Amazing.........amazing., October 27, 2002

by Angry Mofo

Now here's one of those books which one tries to review, but can only come up with disembodied cries and wild gesticulations due to sheer awe when one sits down to do it. I'll admit, I was a bit skeptical when approaching this: Runaway Horses, the second novel in the Sea of Fertility cycle, seemed to me to be a kind of regression after the incredibly beautiful Spring Snow. But now it occurs to me that I very well may have treated it unfairly, since I've read The Temple of Dawn and was blown away all over again.

I'll grant you, this is a more difficult read than Spring Snow, which is probably why people don't talk about it as much. Why so? Well, first of all, it's split into parts. The first part isn't very heavy on plot - most of it is comprised of Mishima explaining various aspects of Buddhism. You might not be too keen on this; I wasn't, and frankly I don't think Mishima was either - it's a bit too dry to have been written by someone who was passionate about the subject. If this turns you off, however, I advise you to persevere - the ending will make it more than worth it.

Secondly, there's an abrupt shift in focus. The first two books centered around their young protagonists Kiyoaki and Isao; Shigekuni Honda was present in both as a sort of way to link the two, but was often out of the picture. Further, both of those books seemed to paint a broader picture of Japan, if the depictions of court intrigue in Spring Snow and conspiracy organization in Runaway Horses are any indication. Indeed, both of those books reflect just how well Mishima could understand the world when he had a mind to. The Temple of Dawn, however, takes a new course that is then followed all the way to the end of The Sea of Fertility - it takes place almost entirely in Honda's head. Other characters are still present, certainly, but now everything is filtered through his eyes. This explains why you never meet the new incarnation of Kiyoaki, Ying Chan, in person - all you know of her comes from Honda's obsessive thoughts.

In taking this course, Mishima has created just about the most poignant portrayal of loneliness and ennui I've ever seen. Reduced to Honda's perspective, the world of the novel becomes much more insular. This really culminates in the last novel (The Decay of the Angel), but it's more than evident here. Here we have Honda, a man whose life has been a brilliant success by all standards, and yet who can't say he has ever lived. Does that sound like a cliche? Well, now that I look over that sentence, it kind of does. But this will be soon forgotten when you read about his lonely dreams and his increasing burning desire to be someone he isn't. And in this light, it's no surprise that his quest for Ying Chan becomes the one and only quest of his life. It could have been no other way - it's one of those brilliant Mishima touches to have made the third incarnation a woman; not the first or the second, mind you, but the third, when Honda is already slipping into old age, which Mishima equated with the loss of one's soul. Only this way could the intense yearning that permeates the pages of this book have been created.

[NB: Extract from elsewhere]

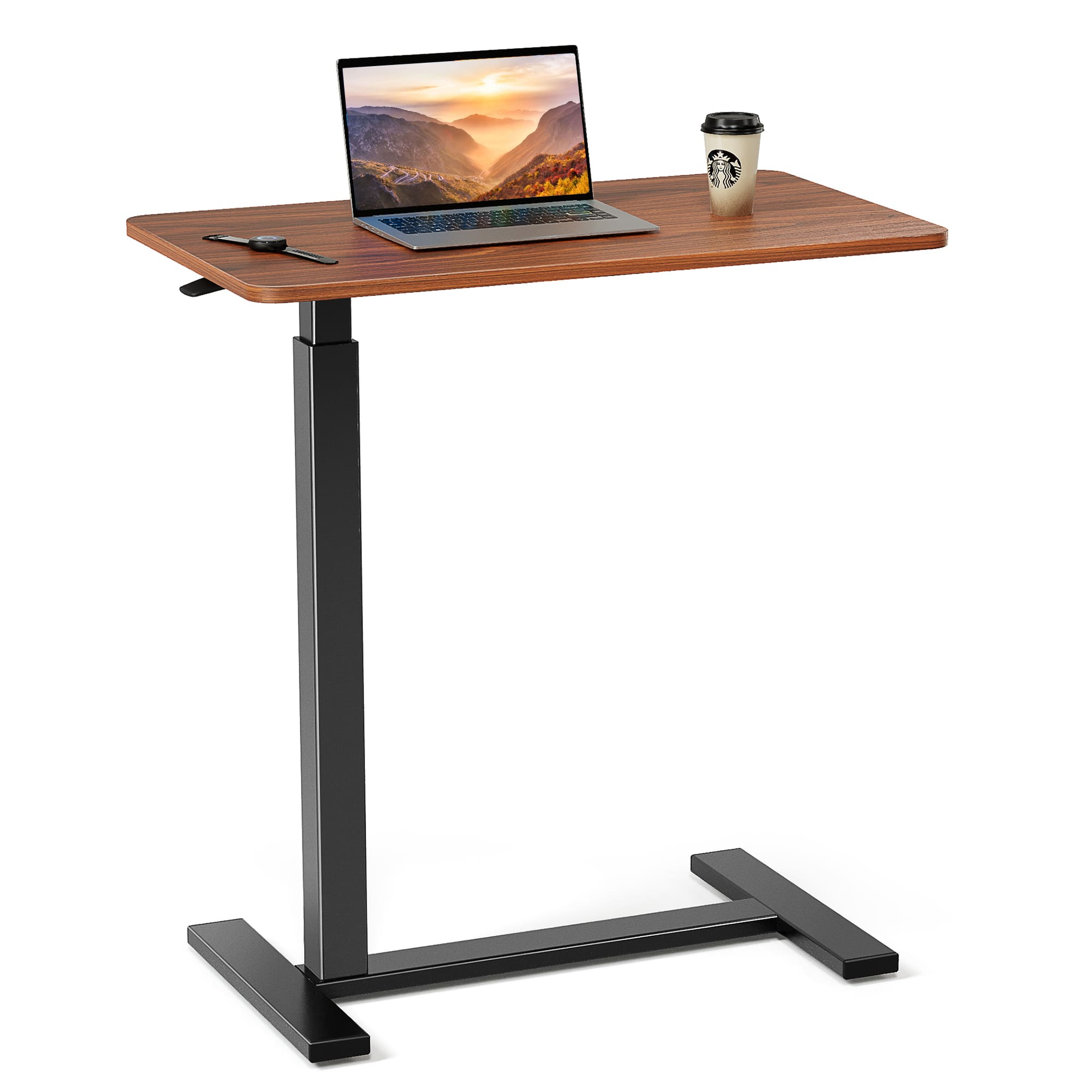 DOMETOUR - Adjustable Hidden 360°Swivel Wheels Desk - Mobile Bed Table, Laptop Desk for Home Office, Standing Desk - Brown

The writing itself shows Mishima to be in full mastery of his art. One of the reasons why I found Runaway Horses a bit underwhelming was the lack of the absolutely mindblowingly sensuous descriptions that filled Spring Snow. Well, in The Temple of Dawn, they're back with a vengeance. I won't tell you any of the plot or how this relates to it since I don't want to ruin it for you. I will, however, say that the ending is just about one of the most brilliant things I've ever read. For a time, I was wondering where Mishima was going with these new developments and puzzling over how they could end. And then came the ending. In hindsight, it was the most obvious conclusion ever, and yet, since Mishima is familiar with things such as "subtlety," I was taken completely off guard by it. It's quite possibly the apex of this author's literary career, and it took the wind right out of me; when trying to imagine how it was written, I can only envision a fevered Mishima furiously tossing off page after page with a sort of maniacal frantic gleam in his eyes. And to this day, I get the oddest sinking feeling whenever I recall it.

Why am I writing this incoherence? If you've started The Sea of Fertility, you'll certainly finish it, and if not, you should be reading Spring Snow. But I implore you not to forget to read The Temple of Dawn. Don't listen to anything anyone else says about it - the truth is that it's another unqualified masterpiece from a man whose career was blessed with them.

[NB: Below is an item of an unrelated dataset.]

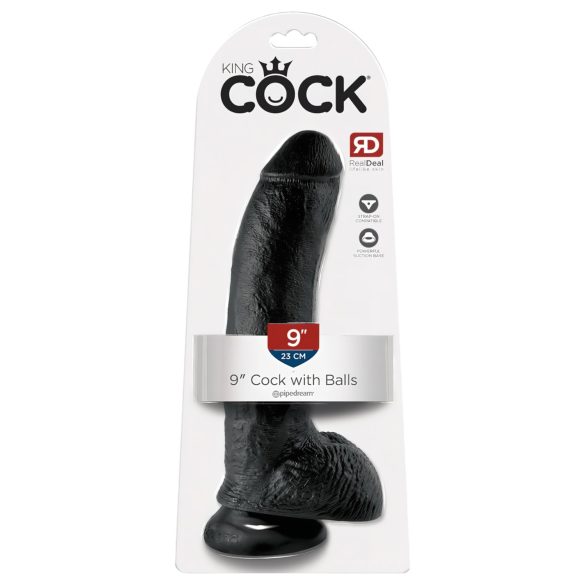King Cock 9 - Dildo preto com ventosa e testículos (23cm)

12 of 12 people found the following review helpful:

Mishima at his best, March 28, 2004

by

This was the first novel I read in the Sea of Fertility tetrology, and though I have finished the series, this still remains my favorite one. Few other novels I have read, not just in the series but other books in general, have been as shocking or deeply moving.
The main character's quest for enlightenment and search for truth culminate into a disastrous obsession with a young lady. His fixation on her youth and beauty are compared to his own tired and aging body, and that of his unhappy wife.
Deeper than other novels, he pursues the link between people beyond death. If someone is reborn, are they forced to replay their fate again and again? Is this the fate of mankind, or is the protagonist simply unable to accept the death of someone he loved? He is searching in this novel, searching for lost love and friendship, and searching for his own soul. The dialogue in the novel on Buddhism is somewhat dry and scholarly, but the this fits in with the dryness and objective view the narrator feels towards the world in general.
Mishima manages to connect eroticism, reincarnation, post-war Japan skepticism, beauty and death into a work of art. I highly recommend this novel.

7 of 7 people found the following review helpful:

Good but with some reservations about translation, May 13, 2000

by

This is the third installment of the SEA OF FERTILITY tetralogy.

Seeing the development of Honda's life throughout the "Sea of Fertility" series has been a fascinating journey that I'm sure will be taken to extreme in part IV (The Decay of the Angel.) Knowing a bit about Mishima's biography is particularly helpful in understanding his works (more so than with many other authors.)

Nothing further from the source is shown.